NEW YORK (TheStreet) -- Shares of McEwen Mining (MUX) - Get Report are rising 4.93% to $3.62 late Thursday morning as gold prices advance after the Federal Reserve decided to leave interest rates unchanged yesterday. 

The central bank also signaled it would be less aggressive in tightening monetary policy next year, Reuters reports.

Gold is non-interest paying and has difficulty competing with assets that bear a yield when interest rates are hiked.

For August delivery, gold is spiking 2% to $1,314 per ounce on the COMEX this morning.

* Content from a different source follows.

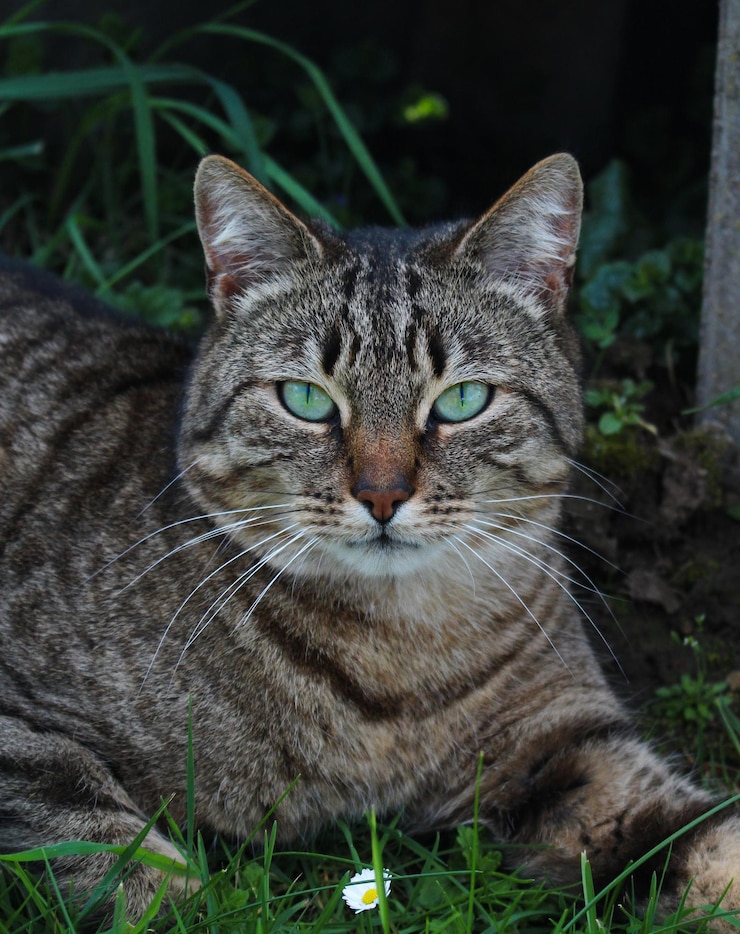 Zdjęcie portret kota z bliska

"The Fed's outlook was surprising since the U.S. economy has been doing relatively well compared to the rest of the world. The market will now monitor the Brexit situation more closely," Brian Lan, managing director at GoldSilver Central, told Reuters.

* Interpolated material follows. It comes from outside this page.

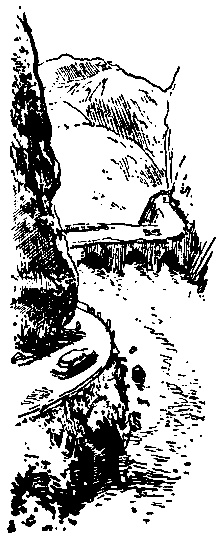 Кукла госпожи Барк - pic_17.png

"The next level gold is expected to see is $1,325," he noted.

The metal rose to its highest level in nearly two years today, Reuters added.

McEwen Mining is a Toronto-based mining and minerals exploration company focused on precious and base metals in Argentina, Mexico and the U.S.

About 3.41 million of the miner's shares changed hands so far today vs. its average volume of 2.28 million shares per day.

Separately, TheStreet Ratings Team has a "Hold" rating with a score of C on the stock.

The primary factors that have impacted the rating are mixed. The company's strengths can be seen in multiple areas, such as its solid stock price performance, impressive record of earnings per share growth and compelling growth in net income.

But the team also finds that the company's revenue growth has not been good.

Recently, TheStreet Ratings objectively rated this stock according to its "risk-adjusted" total return prospect over a 12-month investment horizon. Not based on the news in any given day, the rating may differ from Jim Cramer's view or that of this article's author.